Der nächste Tag versprach nichts Gutes. Ein Blick aus dem Fenster ergab, dass die Flocken schon wieder kreuz und quer wirbelten und der Himmel hüllte sich in ein tristes Grau. Wir beschlossen, erst mal in Richtung Kalatówki Hotel abzusteigen. Dann konnten wir uns immer noch überlegen, ein wenig zu laufen oder ganz abzusteigen. Da ich den Querweg schon kannte, hielt sich meine Lauflust in Grenzen. Es würde nur wieder bergauf, bergab durch Tiefschnee gehen. Helga ließ sich letztendlich auch vom direkten Abstieg überzeugen.

4. Krakau

Wir wollten nach Krakau fahren und am nächsten Tag weiter bis Breslau. Von dort würde es wieder zurück nach Deutschland gehen. Der Zug fuhr um 14:23 Uhr. Nach über 3,5 Stunden erreichten wir durchgerüttelt und -geschüttelt Krakau. Der Empfang auf dem Bahnhof war wie in Rumänien.
Kaum aus dem Zug gestiegen, hielt mir eine Dame schon ein Prospekt unter die Nase, das ein wunderschönes Zimmer mit Fernseher und Designermöbeln zeigte. „40 Zł“ (rund 10 EUR) und „we offer breakfest“ stand neben dem Foto. „Nur 5 Minuten vom Bahnhof“, sagte die Dame. Das war auch das Einzige, was stimmte. Im kleinen Zimmer standen zwei Betten, eine Liege und zwei Regale, alles Marke Ikea. Die Küche bot kein Frühstück, lediglich der Zucker für den Tee stand rum. Und die 40 Zł bezogen sich nun auf die Person, nicht auf das Zimmer. Die Frau schien sich auf diese Weise ihre Eigentumswohnung zu finanzieren.

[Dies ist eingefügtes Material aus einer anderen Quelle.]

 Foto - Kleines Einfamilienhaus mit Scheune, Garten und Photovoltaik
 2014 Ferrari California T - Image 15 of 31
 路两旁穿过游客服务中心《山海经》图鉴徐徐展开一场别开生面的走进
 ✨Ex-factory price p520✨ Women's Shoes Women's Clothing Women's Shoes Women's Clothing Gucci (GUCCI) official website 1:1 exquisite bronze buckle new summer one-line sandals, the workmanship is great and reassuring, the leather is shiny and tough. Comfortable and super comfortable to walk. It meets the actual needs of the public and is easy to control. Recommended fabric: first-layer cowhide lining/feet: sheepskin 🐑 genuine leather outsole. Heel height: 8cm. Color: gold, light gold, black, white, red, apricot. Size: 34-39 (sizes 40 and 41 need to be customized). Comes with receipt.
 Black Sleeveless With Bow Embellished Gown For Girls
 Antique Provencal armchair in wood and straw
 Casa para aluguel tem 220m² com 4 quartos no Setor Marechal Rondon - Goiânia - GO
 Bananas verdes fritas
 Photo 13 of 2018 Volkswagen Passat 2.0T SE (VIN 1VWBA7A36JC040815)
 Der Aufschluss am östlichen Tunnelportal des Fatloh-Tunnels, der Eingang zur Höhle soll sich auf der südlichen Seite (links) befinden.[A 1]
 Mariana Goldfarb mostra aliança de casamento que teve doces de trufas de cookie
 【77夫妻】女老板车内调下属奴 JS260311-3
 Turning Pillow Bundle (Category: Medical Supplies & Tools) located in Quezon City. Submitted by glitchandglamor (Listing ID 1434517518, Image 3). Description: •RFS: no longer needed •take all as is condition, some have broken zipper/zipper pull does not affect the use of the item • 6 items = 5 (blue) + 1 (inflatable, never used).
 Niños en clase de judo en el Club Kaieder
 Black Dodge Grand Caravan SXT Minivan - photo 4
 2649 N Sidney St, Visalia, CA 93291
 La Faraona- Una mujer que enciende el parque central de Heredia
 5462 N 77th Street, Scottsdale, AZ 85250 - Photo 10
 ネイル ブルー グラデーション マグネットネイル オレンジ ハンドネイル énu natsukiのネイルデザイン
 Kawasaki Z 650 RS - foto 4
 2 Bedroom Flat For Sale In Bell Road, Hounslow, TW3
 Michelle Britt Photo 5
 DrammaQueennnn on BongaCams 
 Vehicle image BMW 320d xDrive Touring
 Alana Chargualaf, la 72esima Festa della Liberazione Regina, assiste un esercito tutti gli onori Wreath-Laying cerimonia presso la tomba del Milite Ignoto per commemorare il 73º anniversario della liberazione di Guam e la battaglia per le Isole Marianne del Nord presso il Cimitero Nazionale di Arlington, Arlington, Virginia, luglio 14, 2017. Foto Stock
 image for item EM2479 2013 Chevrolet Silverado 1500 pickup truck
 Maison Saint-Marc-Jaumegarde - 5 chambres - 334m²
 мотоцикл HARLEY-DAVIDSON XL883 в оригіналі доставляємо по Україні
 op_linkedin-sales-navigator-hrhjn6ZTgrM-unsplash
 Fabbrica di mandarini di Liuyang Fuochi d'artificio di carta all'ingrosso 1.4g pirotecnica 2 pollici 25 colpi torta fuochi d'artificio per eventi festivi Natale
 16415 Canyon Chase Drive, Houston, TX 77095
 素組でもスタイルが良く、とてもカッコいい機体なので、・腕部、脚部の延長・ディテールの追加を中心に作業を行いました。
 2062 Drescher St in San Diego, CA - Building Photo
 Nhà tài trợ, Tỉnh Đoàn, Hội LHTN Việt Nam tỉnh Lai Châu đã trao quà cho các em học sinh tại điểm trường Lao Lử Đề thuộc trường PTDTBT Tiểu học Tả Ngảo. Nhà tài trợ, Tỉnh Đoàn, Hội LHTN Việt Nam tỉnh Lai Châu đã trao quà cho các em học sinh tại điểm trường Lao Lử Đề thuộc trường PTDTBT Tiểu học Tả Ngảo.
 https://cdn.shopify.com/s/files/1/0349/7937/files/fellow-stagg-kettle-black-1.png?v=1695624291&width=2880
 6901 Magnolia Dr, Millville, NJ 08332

Da es trotzdem noch billiger war als ein Hotelzimmer, blieben wir.
Abends genossen wir ein prima Essen im ältesten Restaurant in Krakau, direkt am Marktplatz. Am nächsten Morgen schlenderten wir durch die heimelige Innenstadt der 750.000 Einwohner-Stadt bis zum Wawelhügel. Dort oben auf der Burg befand sich vom 12. Jahrhundert bis 1596 die Residenz der polnischen Könige. In einer Höhle in dem Hügel soll ein Drache gelebt haben. Heute bewacht ein Bronzemonster die Anlage.
Ein Reisebüro am Marktplatz bot „Sightseeing Tours to Auschwitz“ an und an den Bücherständen im Hauptbahnhof wurde Hitlers „Mein Kampf“ verkauft. Mit solch einer Dekadenz hatte ich wahrlich nicht gerechnet.

5. Breslau

Als wir am Abend Breslau erreichten, erwartete uns niemand auf dem Bahnhof. Wir bezogen das erstbeste Hotel auf der Straße gegenüber. 115 Zł (rund 29 EUR) kostete das Doppelzimmer. Anschließend ging es noch zu einer abendlichen Stadtbesichtigung.
Rathaus und Häuser der Altstadt sind schmuck renoviert oder wieder aufgebaut worden. Bedenkt man, dass zwei Drittel der Stadt am Ende des 2. Weltkrieges zerstört waren, haben es die Breslauer geschafft, ihrer Stadt ein modernes Antlitz unter Wahrung der historischen Stadtgestalt zu verschaffen. Trotzdem ist die Stadt nicht wie Krakau. Breslau machte auf uns eher den Eindruck einer praktischen Einkaufsstadt.
Wir aßen „Schlesisches Himmelreich“. Das Schweinefleisch mit geschmortem Backobst oben drauf schmeckte allerdings sehr irdisch.
Am nächsten Morgen lachte die Sonne durchs Hotelfenster und kein Wölkchen trübte den Himmel. So musste das sein, die Tour war ja schließlich vorüber. Der Zug fuhr pünktlich ab. Aber genau wie des Öfteren mit der Deutschen Bahn von Freiburg nach Karlsruhe erreichten wir Görlitz mit fast einer Stunde Verspätung auf der anderen Seite der Neiße.